▶ TASK PROMPT:
Reproduce word for word the lines between the one containing "5283 Alba Rd, Gaylord, MI 49735 - photo 37" and the end of the entries below, both inclusive; leave out pictures.

DATASET below:

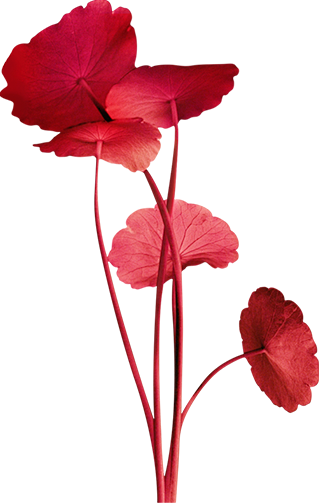 flower2.png (322×503...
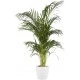 Elho Brussels Round Indoor Flowerpot - White, 14cm, 8711904071066 Shop quality Elho Brussels Round Indoor Flowerpot - White, 14cm in Kenya from vituzote.com Shop in-store or online and get countrywide delivery!
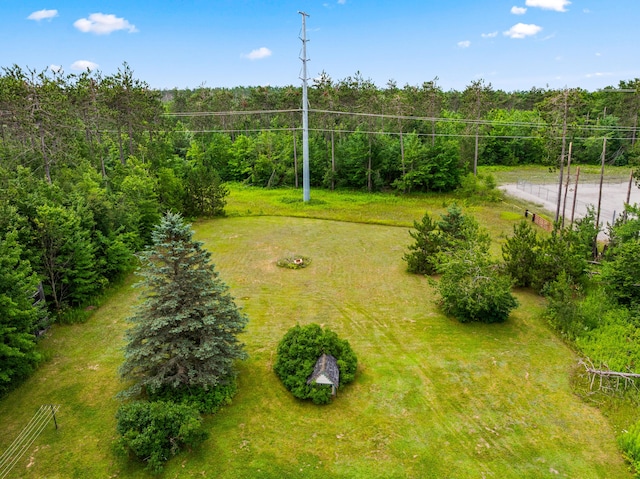 5283 Alba Rd, Gaylord, MI 49735 - photo 37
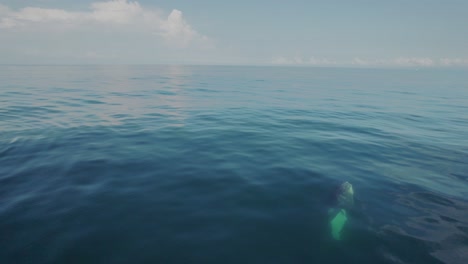 Ballena-Bebé-Irrumpiendo-En-Costa-Rica-Océano-Drone-Aéreo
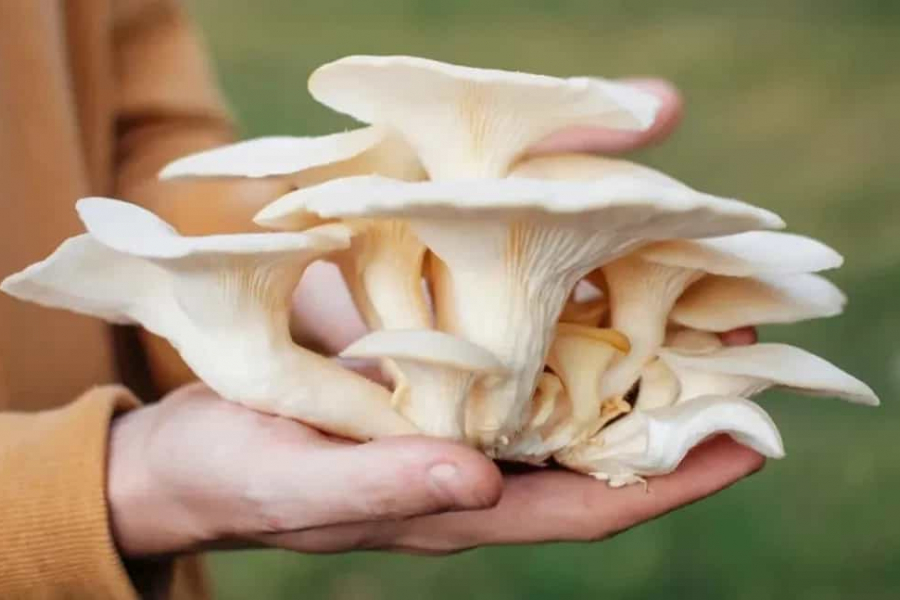 Many people may frown when they hear the idea that farming can start in the corner of the kitchen. But times have changed.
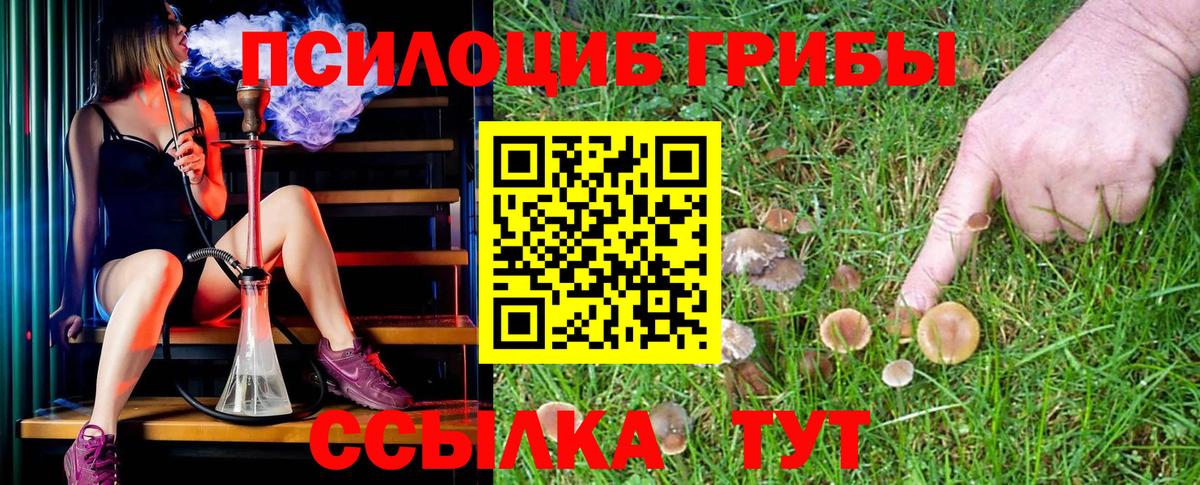 Михайловка  Галлюциногенные грибы Psilocybine cubensis  закладка  Вход с VPN 
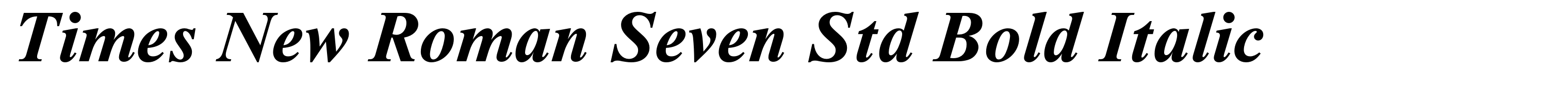 Times New Roman Seven Std Bold Italic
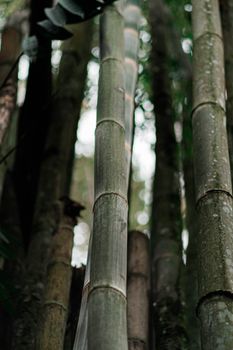 old aged bamboo stalks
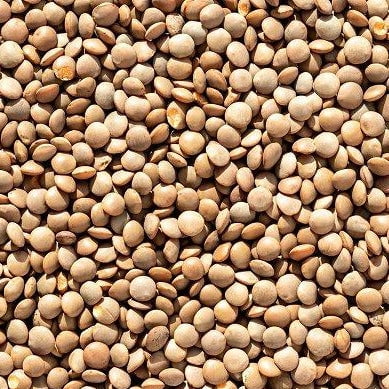 TomorrowSeeds - Brown Lentil Seeds - 500+ Count - For 2026 Planting Morton Daal Indian Dal Bean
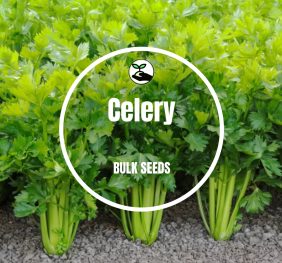 Celery – Bulk Deals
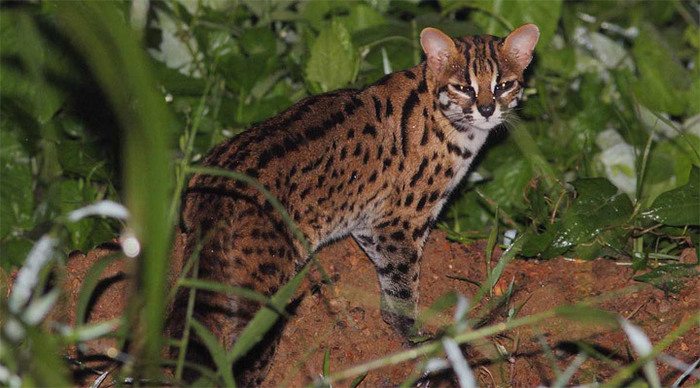 borneo-wildcat-malaysia_4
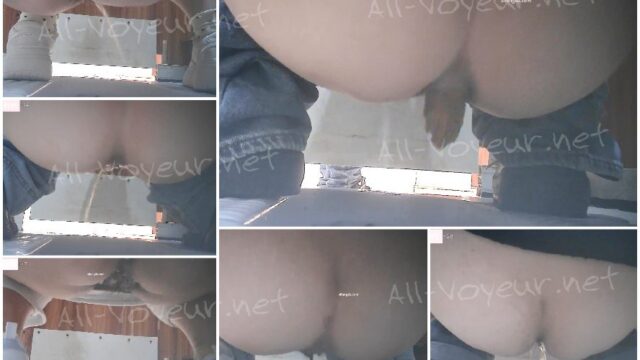toilet-hidden-cameras红色短裙妹妹尿尿显露出超长阴毛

End of DATASET.

▶ WRITTEN ANSWER:
 5283 Alba Rd, Gaylord, MI 49735 - photo 37
 Ballena-Bebé-Irrumpiendo-En-Costa-Rica-Océano-Drone-Aéreo
 Many people may frown when they hear the idea that farming can start in the corner of the kitchen. But times have changed.
 Михайловка  Галлюциногенные грибы Psilocybine cubensis  закладка  Вход с VPN 
 Times New Roman Seven Std Bold Italic
 old aged bamboo stalks
 TomorrowSeeds - Brown Lentil Seeds - 500+ Count - For 2026 Planting Morton Daal Indian Dal Bean
 Celery – Bulk Deals
 borneo-wildcat-malaysia_4
toilet-hidden-cameras红色短裙妹妹尿尿显露出超长阴毛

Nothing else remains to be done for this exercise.